Llegamos hasta la plaza de San Calixto. Bresca se detuvo frente a un bar en cuyo toldo figuraba en grandes letras: S. Calisto. No se habían devanado los sesos a la hora de elegir un nombre. Frente a la fachada, varias mesas rodeadas por un seto y en ellas grupos de clientes conversando ante un plato o unas cervezas. Finalmente se decidió a entrar. Estaba claro, el único que no iba a cenar esa noche iba a ser yo. Entonces me eché a un lado, lo más pegado a la pared que pude para evitar ser descubierto en caso de que saliera inesperadamente. Sin prisa, me acerqué hasta una de las puertas que permanecía abierta de par en par. Cuando la alcancé me asomé cauteloso para ver qué hacía. En ese momento pude observar cómo la camarera inclinaba una botella de ginebra que comenzó a verter en un enorme y grueso vaso frente al vicecomandante.
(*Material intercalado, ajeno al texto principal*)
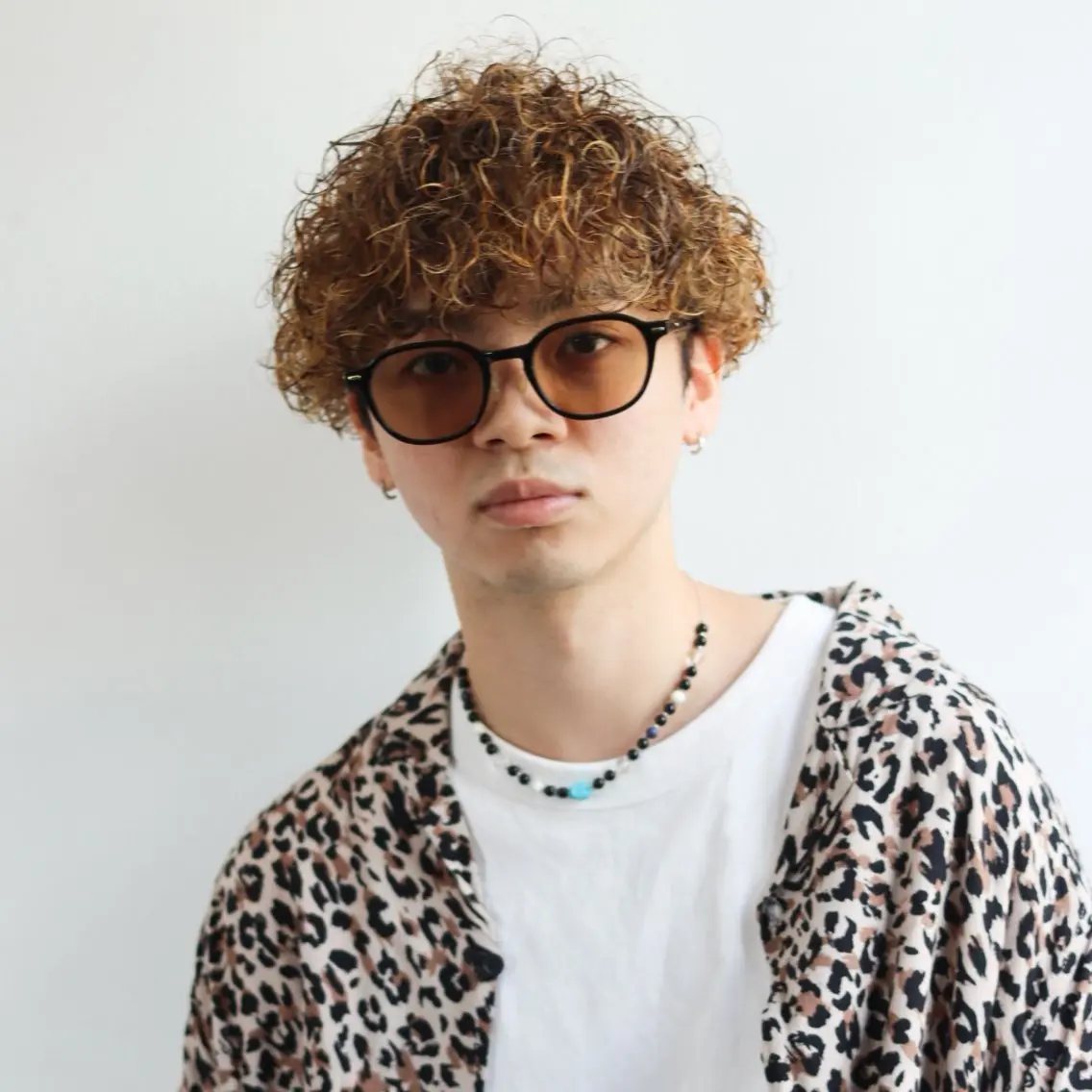 メンズ フェザーパーマ/ 曲がる矯正/酒井壮大のヘアスタイル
Bresca le hizo un gesto con la mano indicándole que le echara más, la otra obedeció. El vaso quedó casi colmado y la botella medio vacía. ¿Acaso pensaba suicidarse?
Me sentí presa del pánico. Yo había visto a ese hombre borracho y no quería encontrármelo de nuevo así. Pero es que además si el comandante Frisch fue tajante en algún punto fue en ese: no debía permitir que tomara ni una gota de alcohol, ¡ni una sola gota! De hecho llegó a decirme que si hacía falta le pegara un tiro.
Me adentré del local y avancé resuelto hacia la barra. Bresca extendió su mano para coger el vaso y entonces yo me adelanté atrapándolo con ímpetu. Sorprendido, se volvió hacia mí y me miró con estupor. ¿Cómo había ido a parar yo allí? También la camarera había reparado en mi extraño comportamiento y se quedó clavada en el sitio contemplándome atónita. Yo no sabía qué hacer con aquello en la mano. No lo podía arrojar al suelo montando un número. Si lo devolvía a la barra, Bresca lo cogería. Y desde luego jamás haría caso a ninguna de mis amonestaciones, a fin de cuentas era mi superior. Entonces sin pensarlo dos veces alcé el vaso y ante su incredulidad me bebí la ginebra de un solo trago. Primero fue una sensación abrasiva por la garganta para acabar descendiendo hasta el estómago vacío donde en apenas unos segundos se desencadenó la gran explosión.